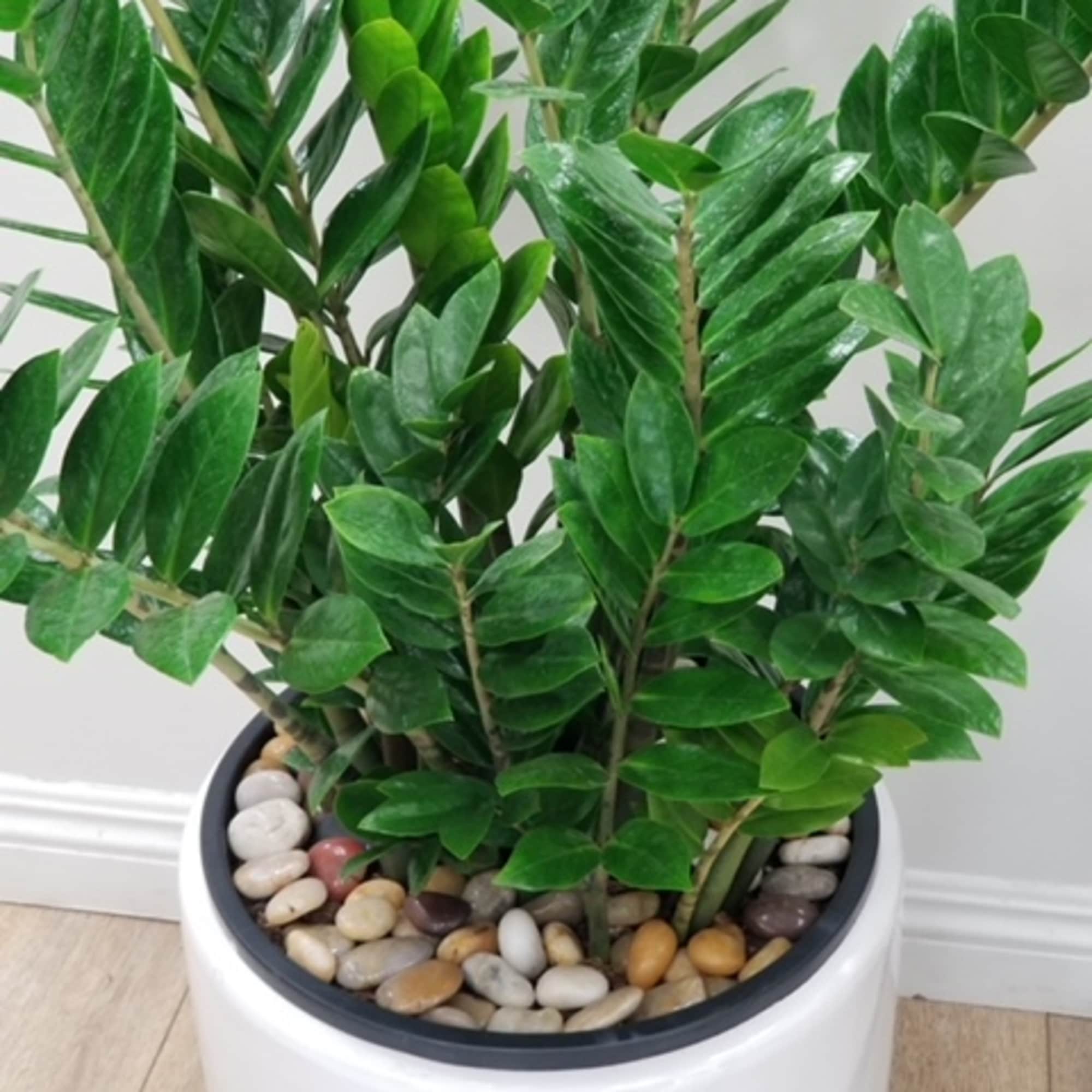 ZZ plant is low maintenance houseplant.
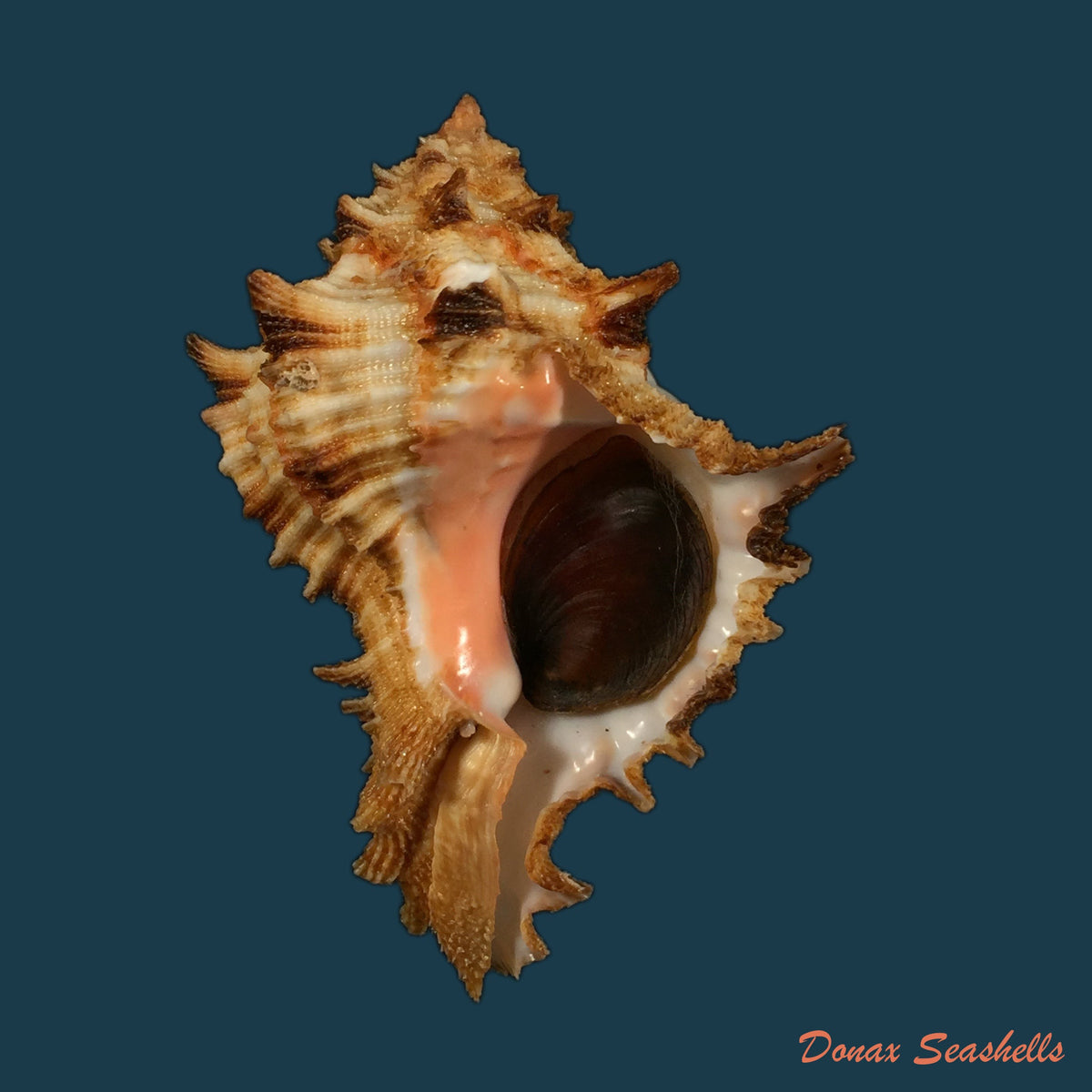 copia-de-hexaplex-rosarium-roding-1798-79-8mm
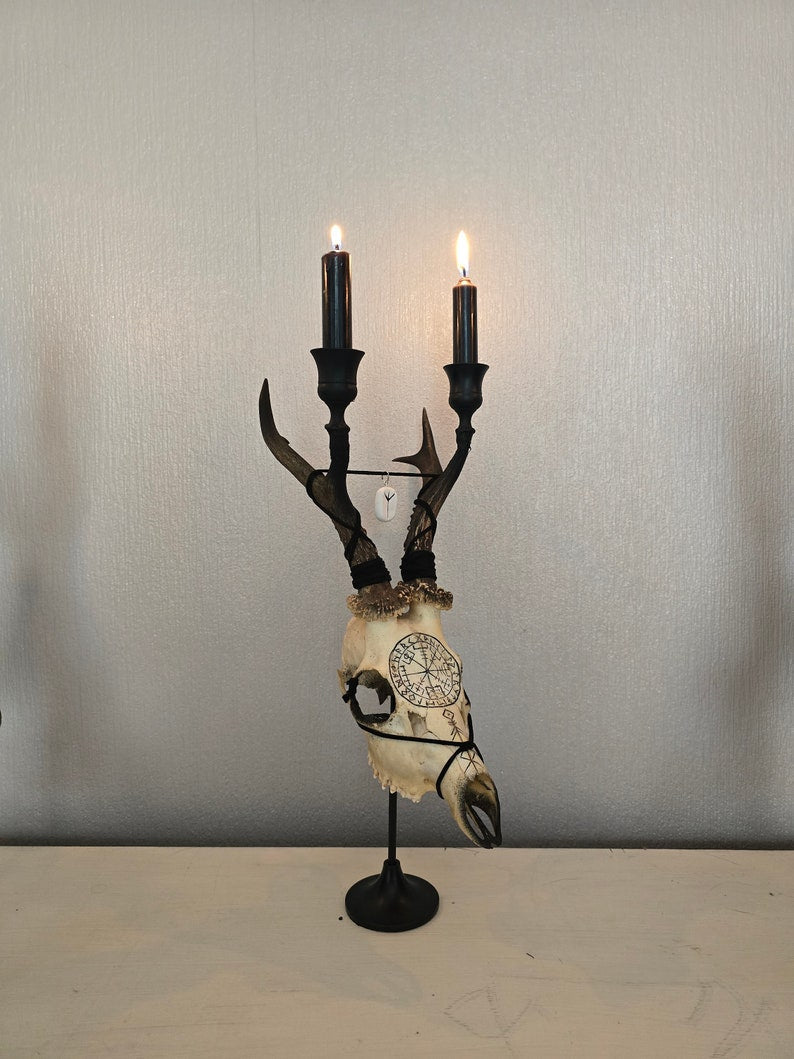 Real Roe Deer Skull Candle Holder Art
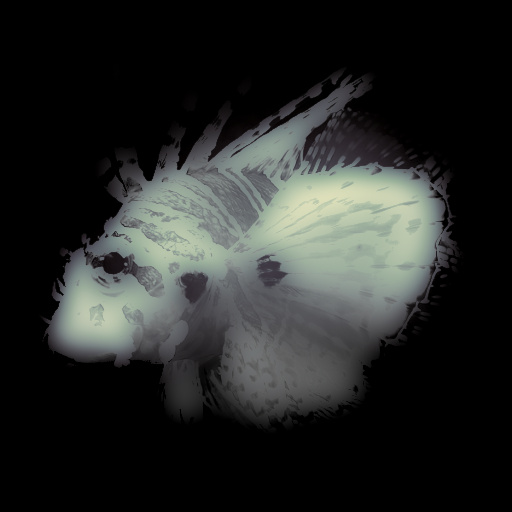 Variation 5
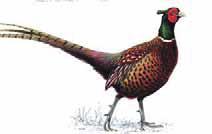9 million Pheasants originally came from Asia and were brought to the UK by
___
◆ **Directions for this task**: Your answer should hold only the lines from the one with "copia-de-hexaplex-rosarium-roding-1798-79-8mm" through the final line of the listing above, transcribed exactly and without pictures.

◆ **The completed task**:
 copia-de-hexaplex-rosarium-roding-1798-79-8mm
 Real Roe Deer Skull Candle Holder Art
 Variation 5
9 million Pheasants originally came from Asia and were brought to the UK by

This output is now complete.